Wizardry II: How Level 6 Resists Mapping
At this point, I could probably just go for the ending. The characters I imported were overpowered for the scenario, and even if they hadn’t been, the game is as eager to help you advance quickly as it is to kill you without warning. The dagger that instantly transforms a thief into a ninja, available only as a rare drop in the previous scenario, is available for purchase in the town. There are similar items findable in the dungeon for attaining the other advanced classes, and if you (justifiably) don’t trust that kind of magic and want to make Lords and Ninjas the hard way, there are items that facilitate that too, giving permanent boosts to various stats.
But even as it accelerates advancement, it slows exploration. And that’s why I haven’t ended things yet. I still want to map out the dungeon as thoroughly as I can. (That’s why I’m replaying this, remember?)

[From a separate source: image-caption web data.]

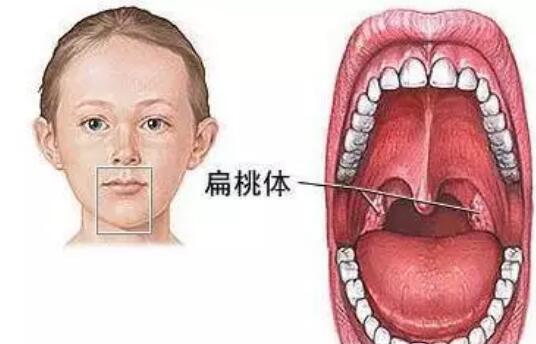 孩子扁桃体肥大,治也治不好,总是发炎→肿大→发烧,是一件很让家长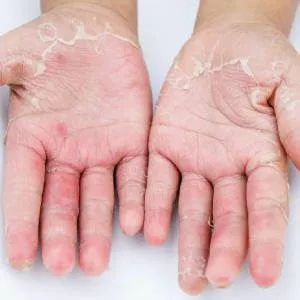 Photosensitive Dermatitis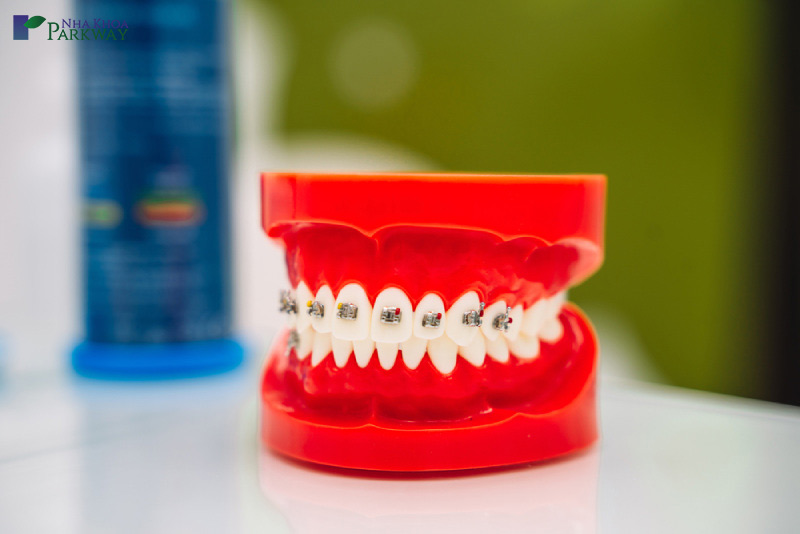 ưu nhược điểm của quy trình bọc răng sứ titanium như thế nào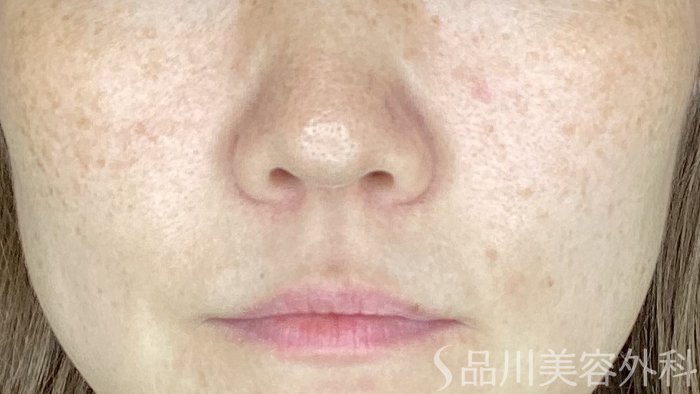 症例NO.67615のBEFORE写真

How does it impede exploration? First, there are places you can’t teleport to. Teleporting blind is a foolish gamble anyway, betting that the spot you’ve picked isn’t occupied by solid rock. But when you can’t even teleport to places you know, you lose a valuable shortcut, as well as a way to be sure where you are.
Speaking of which: There is a low-level spell called DUMAPIC that’s extremely valuable for exploring confusing areas with teleporters and spinners and indistinguishable rooms. All it does is tell you your current coordinates and heading. When the game really wants an area to be disorienting, it just disables this. There are anti-magic fields where no one, player or enemies, can cast any spells at all, but there are also specific anti-DUMAPIC fields. Such a field covers the entirety of level 6.
Even worse are the darkness fields. By default, you can see one space around you. With a spell providing light, you can see two more spaces beyond that, and that is the state in which any sane person plays most of the game. When in magical darkness, you can’t see at all. The first-person view is simply filled with a grey dither pattern. The only way to tell where the walls are is by bumping into them, making mapping slow and laborious, and at the same time absolutely necessary. Darkness is so discouraging that the first elevator back in Wizardry I is protected by nothing else, secured by just the fact that the player’s first instinct on entering darkness is just to try to get out of it as quickly as possible.
Level 6 of Knight of Diamonds combines all of this. You can’t teleport to it. Reaching it for the first time means sliding down a chute into darkness where you can’t use DUMAPIC. The only way I know to find the coordinates where the chute comes out is to teleport straight up, and cast DUMAPIC from there. There are stairs leading down from level 5, but they’re behind a one-way door; if you’re being sensible and not teleporting blind, the only way to find them is from the underside, approaching the level 5 boss backward.